Thai Corn Chowder

Thai Corn Chowder
Ingredients: 
3 ears of corn
1 red onion, chopped
2 cloves of garlic
2 stalks of lemongrass, bruised
1 litre of water
15ml oil
30g butter
4 potatoes, peeled and diced
10ml chopped garlic
1 red pepper, diced
salt and pepper
400g can of coconut milk
60ml chopped basil
45ml chopped mint
60g baby tomatoes, halved
1 bunch of spring onions, white part only, finely sliced

Serves 6

Cut the kernels off the ears of corn and set aside.
Put the cobs into a saucepan with the onion, garlic, lemongrass and water.
Bring to the boil.
Reduce the heat and simmer or about 20 minutes.
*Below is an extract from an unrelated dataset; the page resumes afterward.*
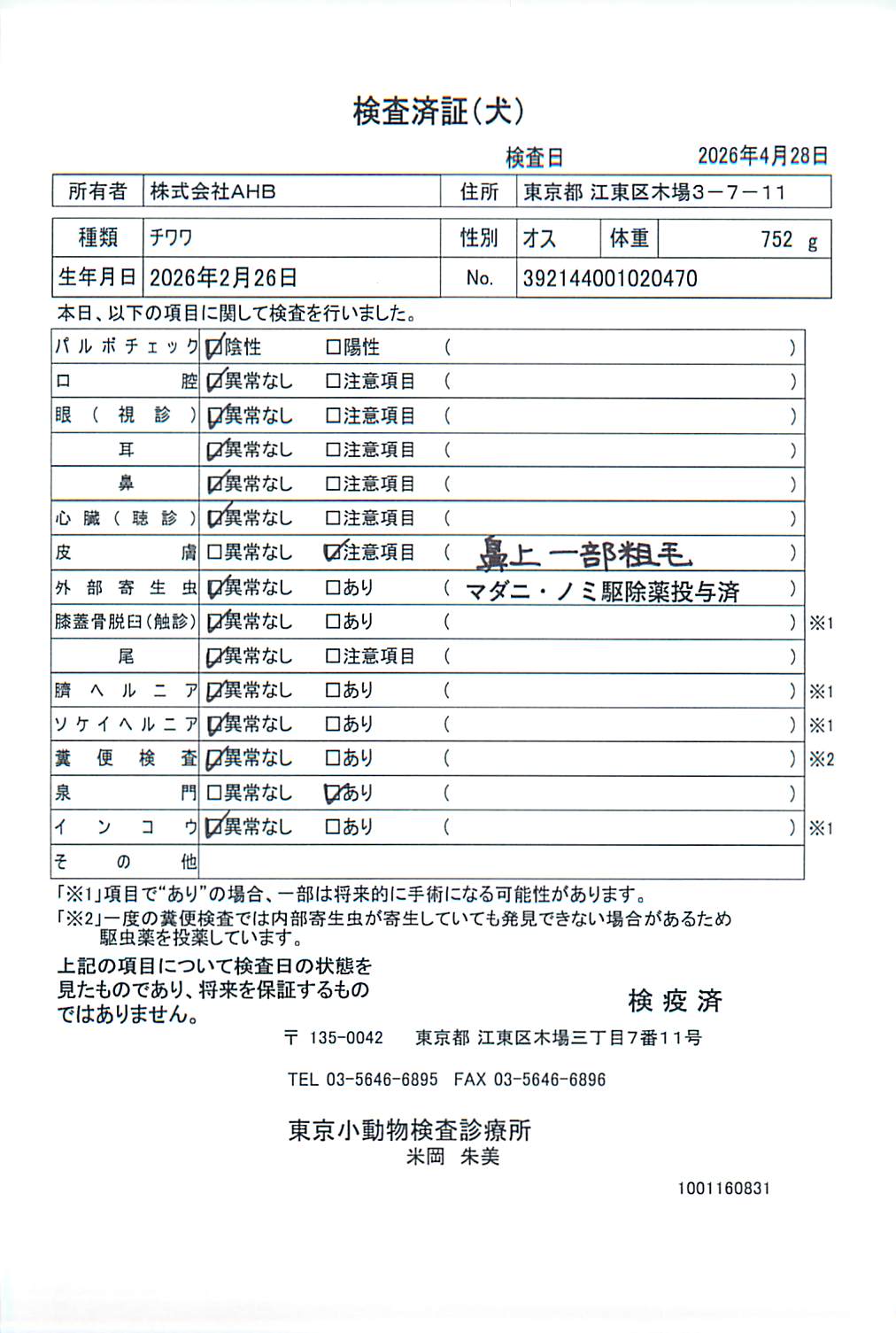 チワワ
Drain this through a sieve.
Discard the solids and keep the liquid.
It should be about 500ml.

Heat the oil and butter in a saucepan and fry the four potatoes for 5-10 minutes over a gentle heat, stirring frequently.
Add the garlic, red pepper and seasoning and fry for another 5 minutes.
Add the reserved liquid and coconut milk.
Cover and simmer until the potatoes are soft.
Stir in the herbs, tomatoes and spring onions and serve.